The Dillington estate cost John Hanning £83,000 in 1795 (at least £8 million at today’s prices), and by the turn of the century his son William was in residence at Dillington House. The Hanning fortunes evidently continued to prosper, because in the 1820s William had the place rebuilt and expanded into a very considerable mansion. It is hamstone, with slender mullioned windows and a slate roof bristling with clusters of high, octagonal chimneys. The sombre east front looks out over a formal garden, with the landscaped park beyond. Because of the slope on which the house stands, the west front is much less grand and more welcoming, and very lovely when the lowering sun warms the honeyed stone. The entrance is on the west front, and Hanning had the drive curve away up the slope and off in a southerly direction to meet the road between a matching pair of hexagonal gatehouses.
Dillington House
He was the driving force within the Ilminster Turnpike Trust. Out of his own pocket he subsidised the use of what became known as the New Direct Road by the main West Country carrier of goods, Russells of Exeter. A colleague of Hanning said of him that ‘he talked largely of not regarding a few thousands loss if he can make his road (as he calls it) the Great Western Road.’ The Russell Flying Waggons, as they were known despite an average speed of 3 m.p.h., reverted after a while to the alternative route via Yeovil and Salisbury, but soon some of the stagecoaches were trying out the New Direct Road.
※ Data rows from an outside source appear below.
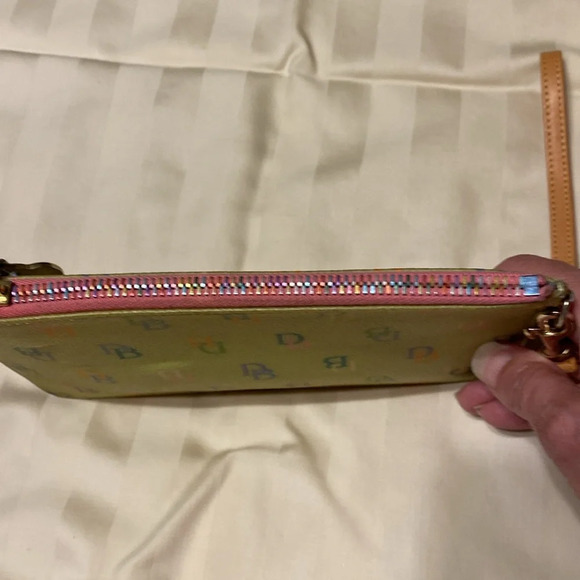 Green Dooney and Bourke wristlet - Picture 3 of 7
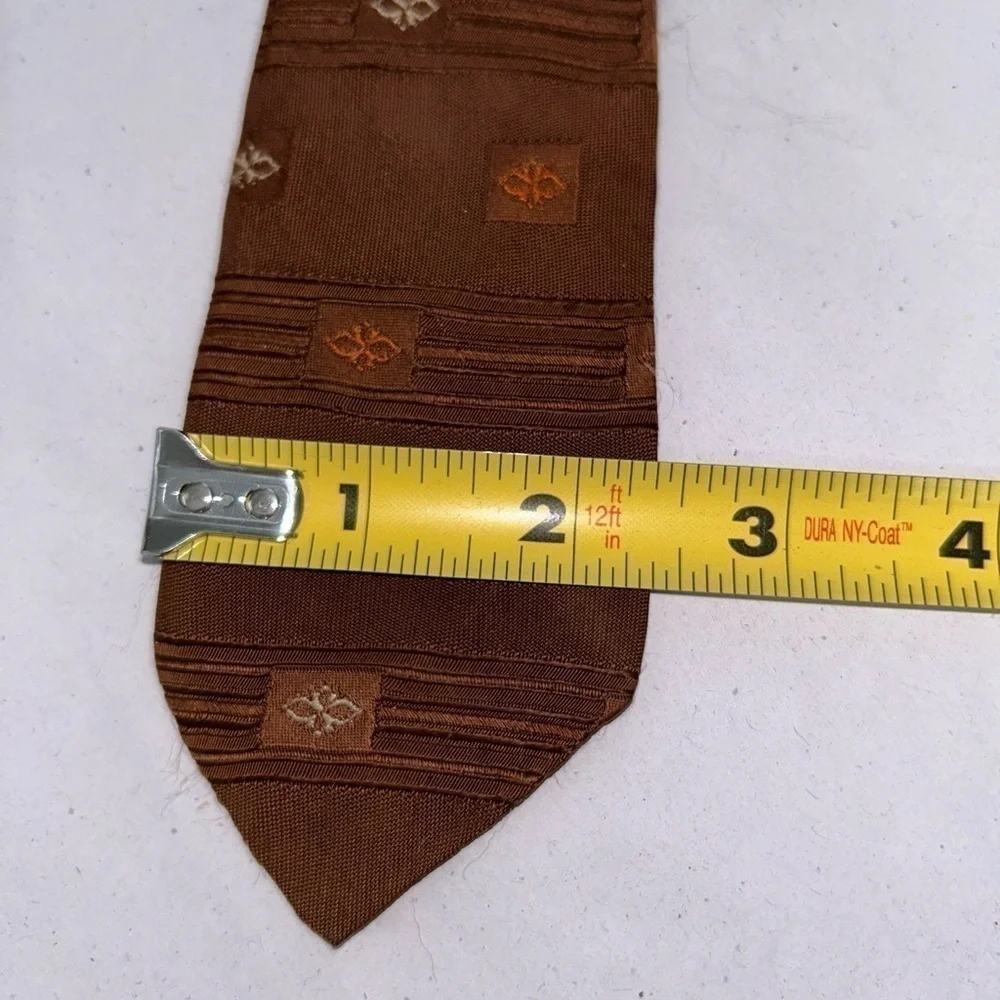 Vintage 1960’s Brown With Orange And white Accents By Wembley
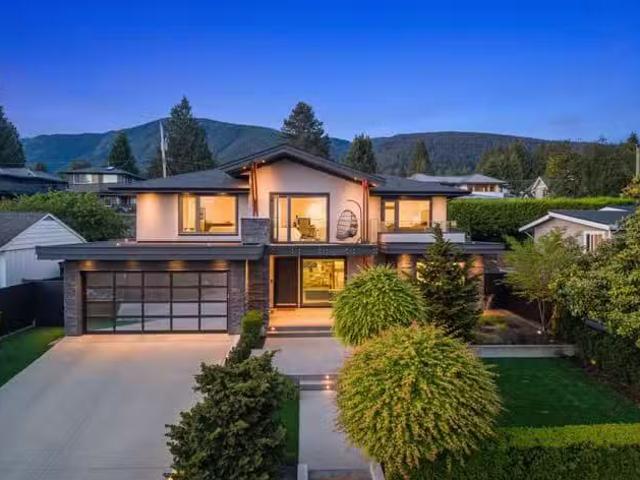 House for sale in North Vancouver, North Vancouver, 920 Melbou.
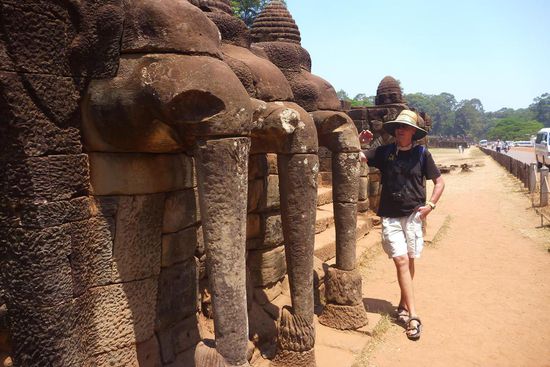 Nächste Etappe: die Elefanten Terrassen. Hier stehen überall Elefantenskulpturen .........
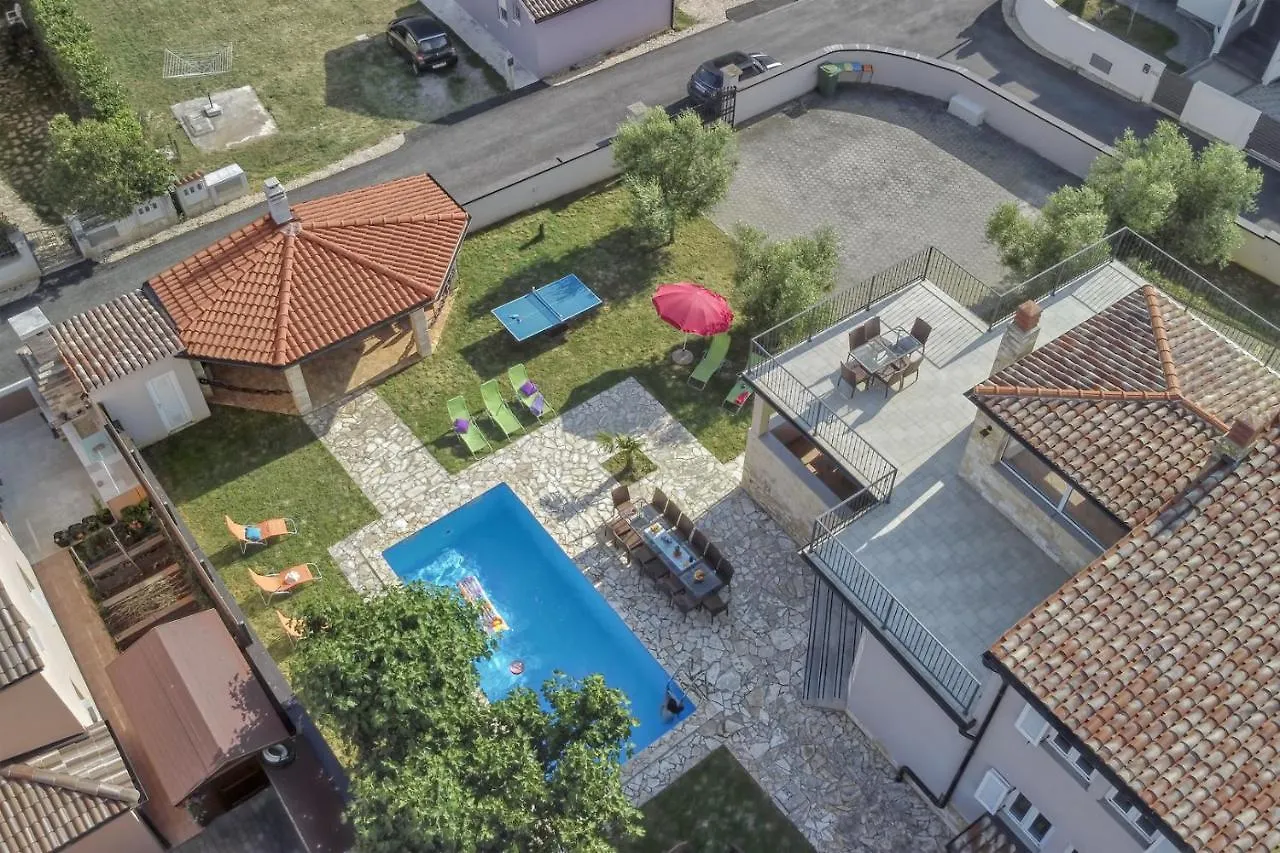 Villa Gracia - Big House, Pool, Bbq, Playground & Table Tennis, Game Room With Billiards & Table Football, Pula, Istria  Pula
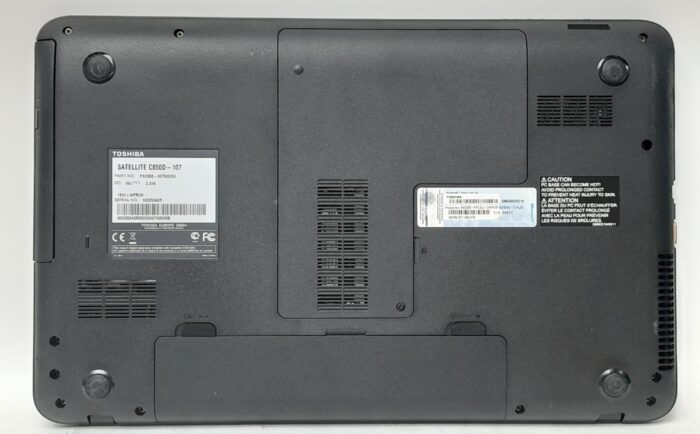 Toshiba_Satellite_C850d-107_7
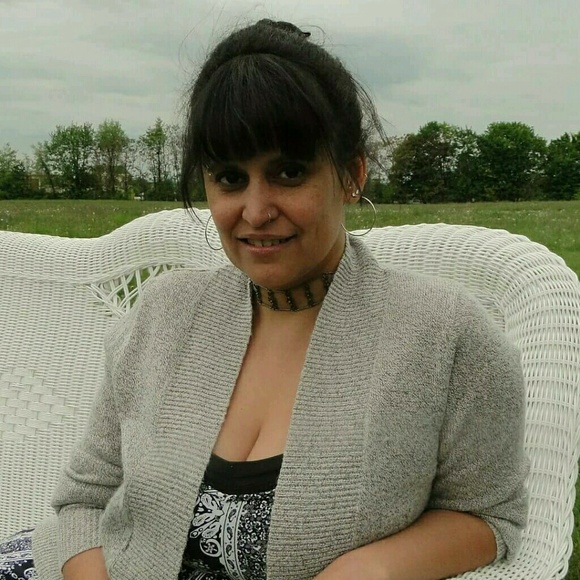 Profile Picture of Juana Biltcliffe (@juanab71) on Poshmark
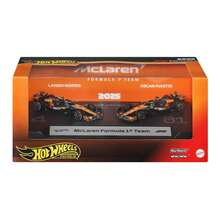 Hot Wheels Premium F1 玩具車 2入組,1:64 比例壓鑄 McLaren F1 賽車套組,包含 #81 Oscar Piastri 與 #4 Lando Norris - JMM91 - 查看 2
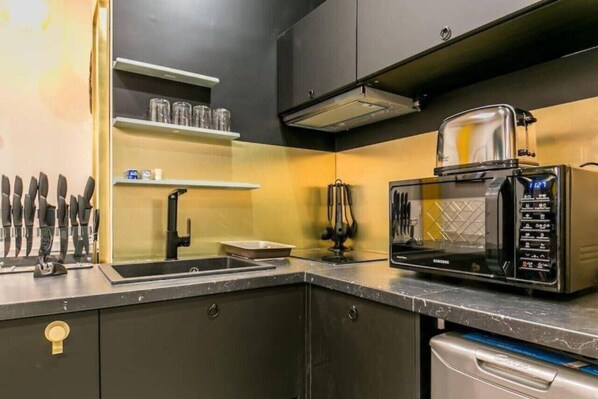 Køleskab, mikrobølgeovn, opvaskemaskine, kaffe-/temaskine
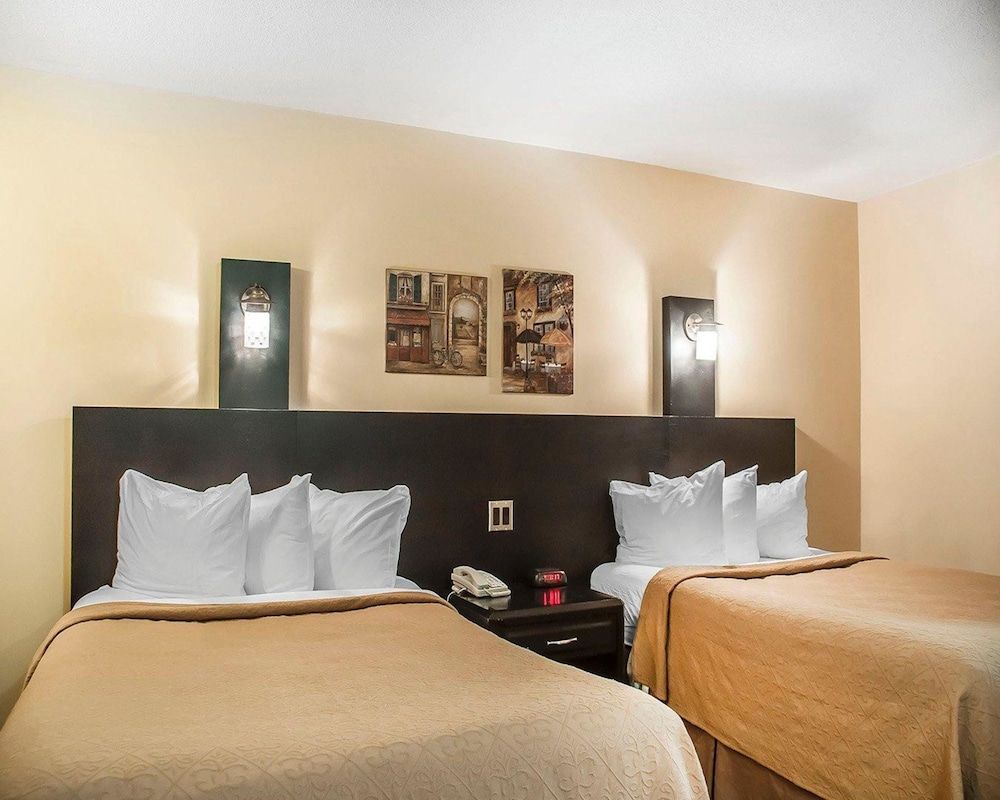 undefined Quality Hotel Fallsview Cascade 10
But Hanning had ambitions beyond mere horse-power. He was one of a group of wealthy landowners and entrepreneurs seduced by the visionary enthusiasm of one of the unsung heroes of nineteenth-century technological advance, Goldsworthy Gurney. A Cornishman by birth, a doctor by training, and an inventor by inclination, Gurney had developed a steam-powered version of the stagecoach. In its final version it actually consisted of two vehicles connected by a rod, the front one containing the engine and manned by the crew, and the second carrying the passengers and the coke and water.